Mutli GPU
I was conducting an experiment to run LoRAX (https://github.com/predibase/lorax) on multiple GPUs. However, I did not observe any improvement in the results; in fact, the throughput was even worse.
For sequence calls, the throughput for 1x GPU is better than 2x GPU!
Code for sequence calls:
def tgi_server(prompt):
headers = {'Content-Type': 'application/json'}
url = f'.../generate'
data = {
"inputs": prompt,
"parameters": {
"max_new_tokens": 1000,
"temperature": 1.0,
"top_p": 0.99,
"do_sample":False,
"seed": 42
}
}
response = requests.post(url, json=data, headers=headers)
# print(response.status_code)
res = response.json()
# print(res)
# print(response.status_code)
return res
if __name__ == '__main__':
for index, sample in enumerate(input_sample_data):
input_text = '...'
input_str = f'"""{input_text}"""'
template = f"""[INST] <<SYS>> ...
<</SYS>>
{input_str}[/INST]"""
print("starting on {}".format(InsightSourceId))
s0 = time()
# print(template)
response = tgi_server(template)
s1 = time()
# print(response)
response = response["generated_text"]
I asked this question from LoRAX team, and they mentioned:
This isn't surprising if your GPUs are connected via PCIe.

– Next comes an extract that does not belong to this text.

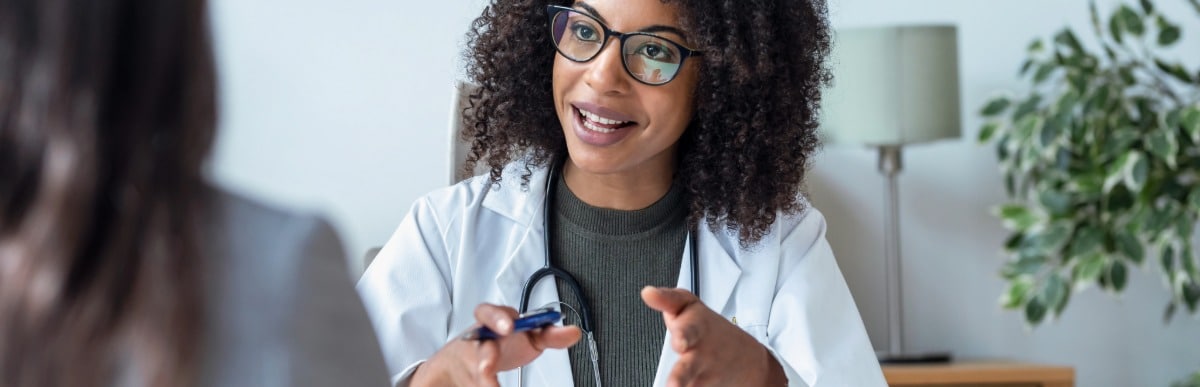 Heart Disease Symptoms You Need to Know (100) A doctor in a lab coat discusses hormone imbalance treatment with her patient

Unless you're using NVLink, the network overhead of GPU-to-GPU communication will, in most cases, be the bottleneck for inference. The main situations where you would want to use multi-GPU would be: When the model is too large to fit on a single GPU When your GPUs are connected by NVLink If neither condition is met, you're definitely better off on a single GPU.I am using 2x L40 on Runpod
GitHub
GitHub - predibase/lorax: Multi-LoRA inference server that scales t...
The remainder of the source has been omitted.